== Segment start ==

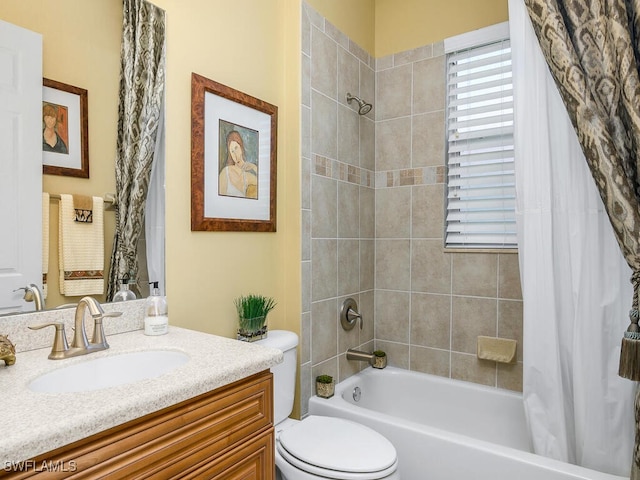 full bathroom featuring shower / tub combo, vanity, and toilet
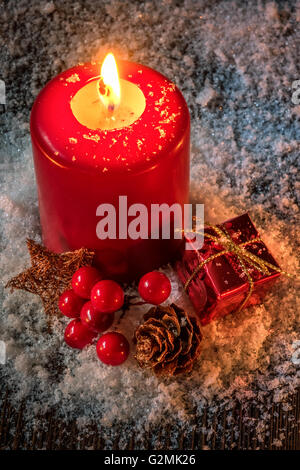 Atmosphärische Weihnachtskarte oder Hintergrund mit roten brennenden Kerze, Gegenwart, Tannenzapfen und Preiselbeeren auf einem Holztisch gedeckt w Stockfoto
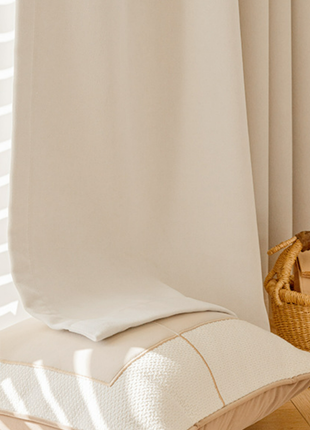 a cozy and inviting living space with a white pillow, a woven basket, and a book on a wooden floor.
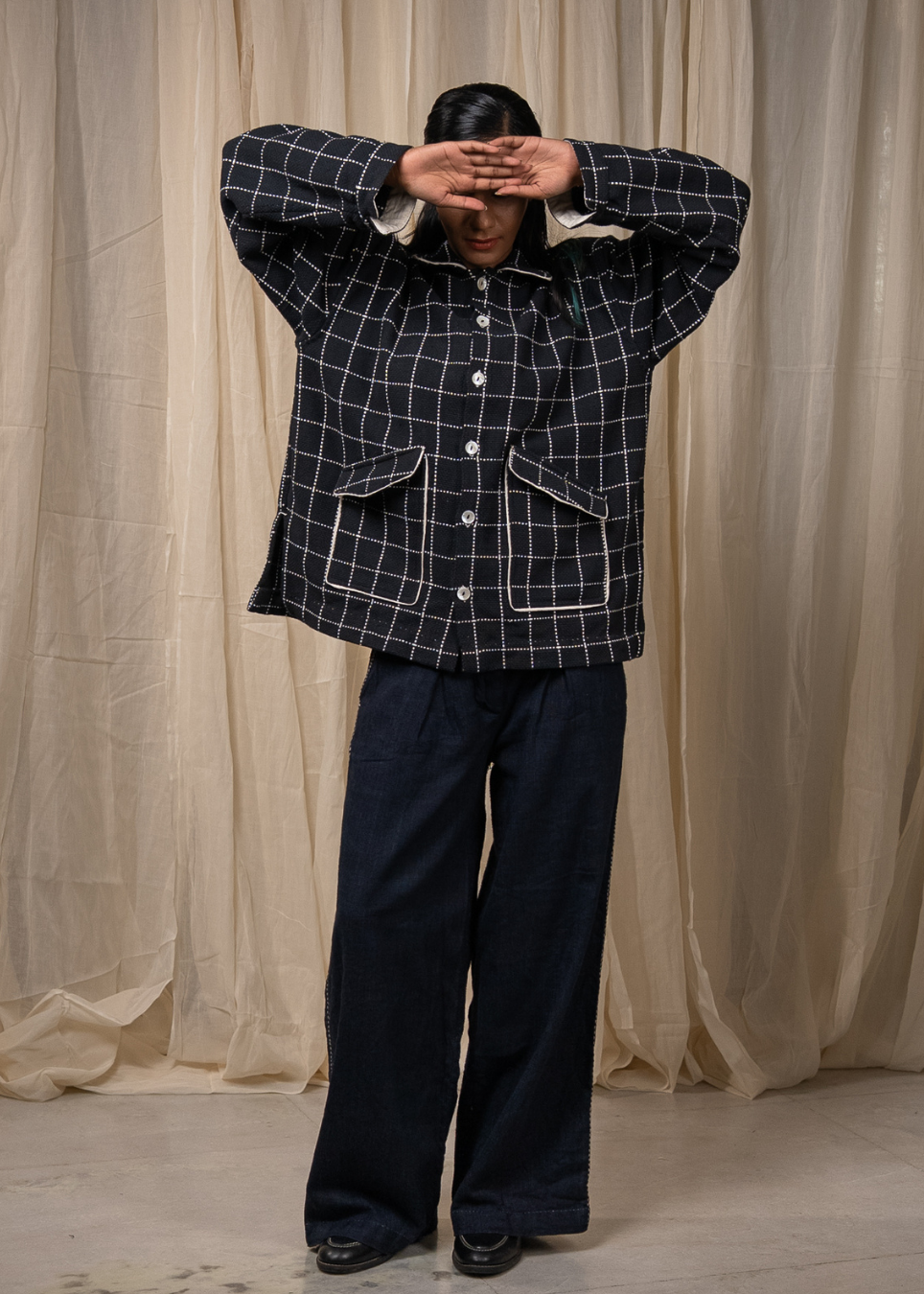 A person wearing a dark navy plaid button-up shirt with white windowpane lines and matching dark wide-leg pants, standing in front of a draped beige curtain backdrop.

== Segment end ==

__DIRECTIONS__. The line with "a cozy and inviting" and each line after it, through the final line of the data, are to be duplicated exactly, with pictures left out and nothing more included.

__RESPONSE TO THE TASK__.
 a cozy and inviting living space with a white pillow, a woven basket, and a book on a wooden floor.
 A person wearing a dark navy plaid button-up shirt with white windowpane lines and matching dark wide-leg pants, standing in front of a draped beige curtain backdrop.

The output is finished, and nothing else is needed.